In 1997, The Verve had refused to allow The Chart Show to show the video for their single Lucky Man. When the song was mentioned in the top ten and in the indie chart, a message was shown on the screen explaining that they refused to let the video appear on the show, unless the show was redesigned.

Sometimes, when an artist did not have a video for their single, footage of a previous video would be used, and sometimes slowed down or distorted to accompany the track that had no video or a live performance of the single. One notable example was Pearl Jam: From 1993 to 1997, Pearl Jam refused to make promo videos for their singles, and so The Chart Show often used footage from the band's "Even Flow" video to accompany a few seconds of their singles from that time, whenever they appeared on the Rock Chart.

===Sponsorships===

The show had three sponsors over the span of its life. These were Pepe Jeans (1991–1992), Twix (1993–1996) and Tizer (1997). Tizer also sponsored The Chart Show's replacement, CD:UK, for several years. Unlike most sponsorships on UK television, these were incorporated into the show's titles as opposed to being shown as separate clips wrapped around the show in questions.

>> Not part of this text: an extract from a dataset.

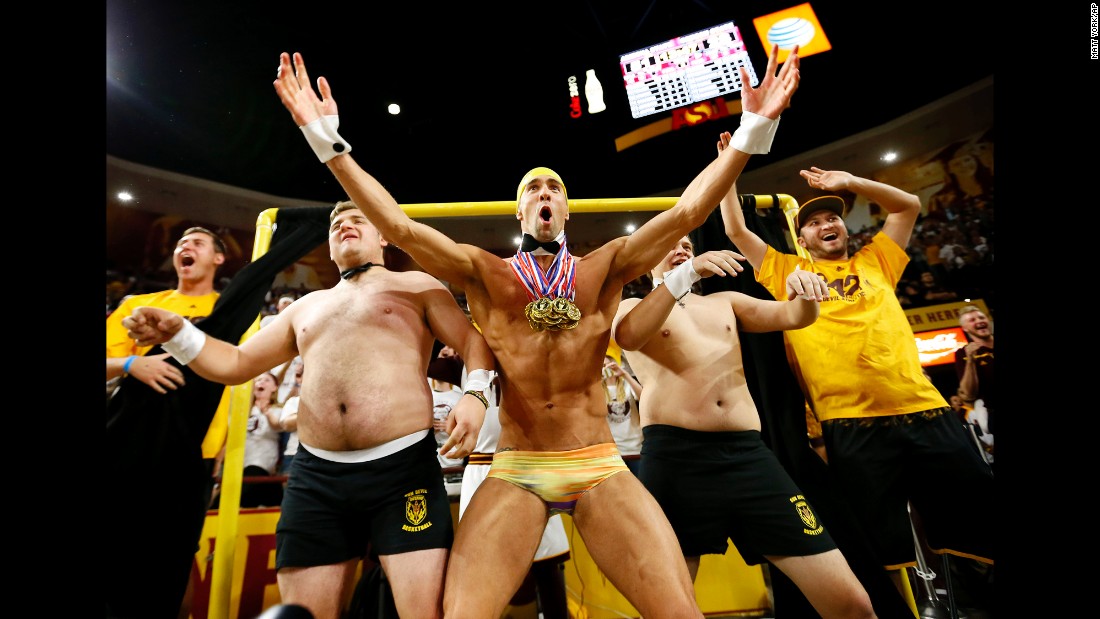 Olympic legend Michael Phelps helps Arizona State students try to distract a free-throw shooter during a college basketball game on Thursday, January 28. The Oregon State shooter missed both of his shots after Phelps &lt;a href=&quot;http://bleacherreport.com/articles/2612010-michael-phelps-pops-out-of-asus-curtain-of-distraction-to-distract-ft-shooter&quot; target=&quot;_blank&quot;&gt;popped out of the &quot;Curtain of Distraction.&quot;&lt;/a&gt;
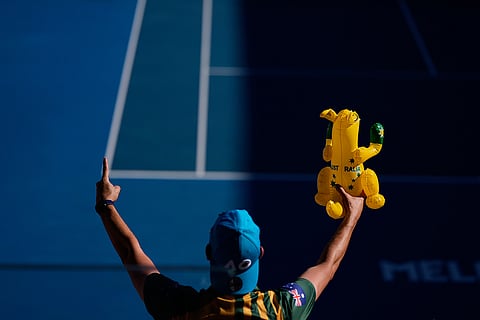 A supporter of Dane Sweeny of Australia reacts during his first round match against Gael Monfils of France at the Australian Open tennis championship in Melbourne, Australia.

When Tizer became the new sponsor, the stings caused criticism as they were played at random moments during the titles and end credits, interrupting the show deliberately. Due to the irritation this caused, they were eventually dropped so that the show would run clean.

As part of 'The Vault' repeats, the sponsorships are now either blurred or edited out of the title sequences/end credits to avoid controversy.

===Vault Repeats===

Satellite channel The Vault began repeating 1991–92 and 1996–97 episodes from December 2006 on Saturday mornings, similar to the shows original timeslot on ITV, though not in chronological order. The first episode to be broadcast was the 1992 special. The Vault also aired repeats of the repeats on the following Thursday. Due to the sponsors of the show being included in the show's titles, The Vault had to re-edit the episodes and blur out the sponsors' logos, as they are no longer affiliated with the show. The Video Visuals logo was also cut from the episodes despite Video Visuals being part of CSC Media Group, which owns and operates The Vault.

The repeats also aired without the channel's "V" graphic in the corner of the screen, but on-screen competition graphics were aired and proved unpopular with viewers – such competition graphics still air to this day across the CSC Media Group network. On several occasions, episodes were cut off abruptly to unplanned commercial breaks and blank screens, and some airings were accidentally ones that had already been shown on The Vault's run of the show. One scheduled episode failed to air completely and was replaced with another programme, which led to a double bill being shown the following weekend.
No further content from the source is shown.